En esa línea, pensando en la gestión del día a día en nuestra realidad de contexto y entorno, preocupan, naturalmente, las limitaciones y restricciones que los directivos y empresarios ven en la aplicación de este tipo de estrategias. Uno de los problemas más frecuentes son las limitaciones de capacidad y competencias para materializar dichas estrategias, como es el caso de las empresas pyme. Otra restricción importante está relacionada con el poder de compra, sobre todo, cuando la empresa proveedora es una organización importante o cuando el valor de compra no es significativo para ésta.
En ese sentido, es clave reconocer que más allá de todas las modalidades que involucran estos modelos, hay dos factores fuerza que aparecen como patrones comunes en todos los casos exitosos. Uno es el de equidad en términos de compartir riesgos, pero fundamentalmente los beneficios del sistema, lo que potencia el compromiso para cooperar en momentos de crisis o adversidades. El otro es el del ejemplo directivo, en términos de tener presente que estas relaciones se sustentan en la mutua credibilidad y confianza de los empresarios y/o directivos involucrados, que debe estar sustentado en la transparencia y la consistencia empresaria.
Con este enfoque, si bien las limitaciones que involucran las estrategias de colaboración acompañan riesgos relevantes que debemos tener en cuenta a la hora de implementarlas, no deberíamos caer en el conformismo de su descarte por la aparente incapacidad de su aplicación, ya que, como se vio, detrás de estos modelos hay factores de comportamiento y seriedad directiva en la relación inter-organizacional, que si bien pueden no implicar aspectos tangibles de ayuda al desarrollo y soporte explícito en la mejora del gerenciamiento, pueden construir lazos de cooperación y compromiso tan potentes como los que se obtienen con las modalidades de cooperación tradicionales antes expuestas.
Las compañías que mejor resultados han obtenido en la gestión de las relaciones son aquellas que adoptan una capacidad de relacionamiento dinámico, buscando un adecuado balanceo y alineación a las realidades del mercado, negocio y contexto.
Las relaciones de cooperación parecen más integrales en términos de potencialidad en atributos y en su consolidación en el tiempo, debido al fuerte vínculo inter-organizacional sustentado en la transparencia, la colaboración de mutuo desarrollo, y la coparticipación de riesgos e incentivos.
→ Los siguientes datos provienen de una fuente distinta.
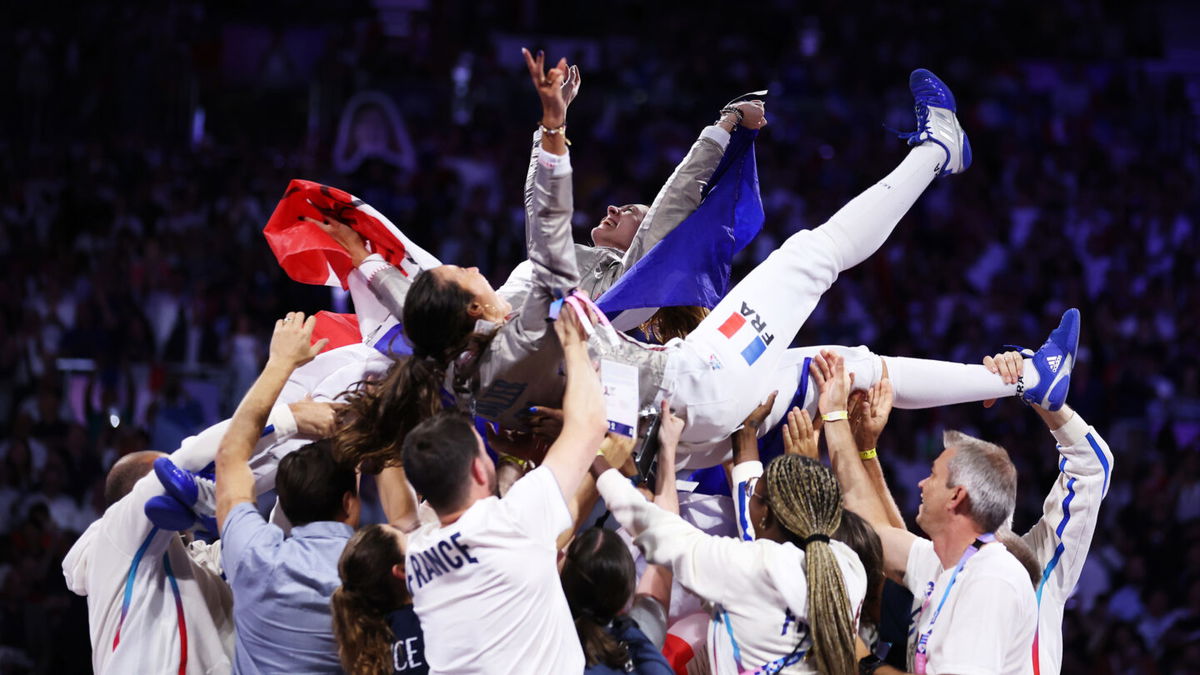 Manon Apithy-Brunet and Sara Balzer celebrate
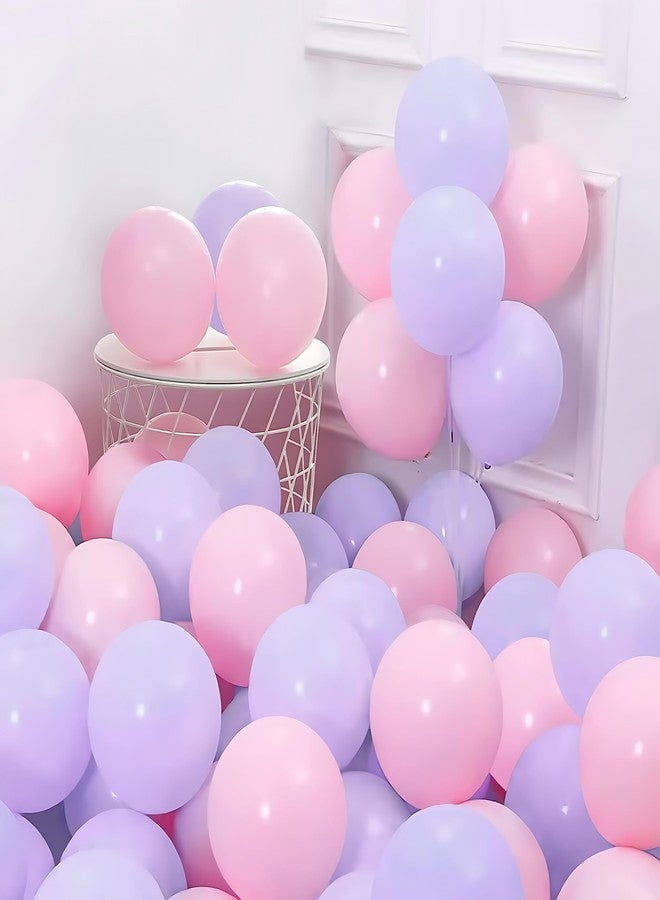 Flyloons Pink Purple Pastel Balloons Pack of 50 for birthday decoration items also suitable Baby Shower, Anniversary, Wedding, Celebration, Party - Image 1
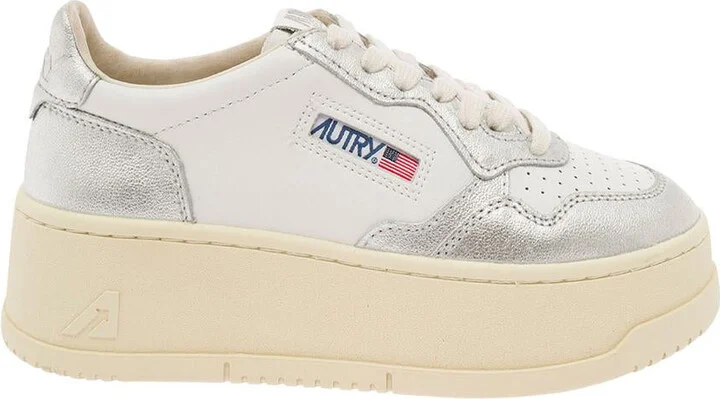 White And Silver Low Top Platform Sneakers With Logo In Leather Woman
Transparencia Permitiendo una adecuada coordinación y alineación de gestión a lo largo de la cadena de valor del sector, en lo que hace al nivel de gerenciamiento y de la gestión de suministro. Colaboración en el Desarrollo Construyendo relaciones de mutua cooperación en el desarrollo y mejora de gestión y de la dirección de las empresas involucradas. Coparticipación de Riesgos y Beneficios Imprimiendo el nivel de compromiso para lograr altos niveles de confiabilidad y perdurabilidad en las relaciones cooperativas, comprendiendo un cambio sustancial en la naturaleza del relacionamiento.
Si bien las limitaciones que involucran los modelos de cooperación acompañan riesgos relevantes a la hora de su implementación, no se debería caer en el conformismo de su descarte por la aparente incapacidad en su aplicación, ya que detrás de estos subyacen dimensiones relacionadas al comportamiento y seriedad directiva en la relación inter-organizacional que se sustentan en la transparencia y consistencia empresaria.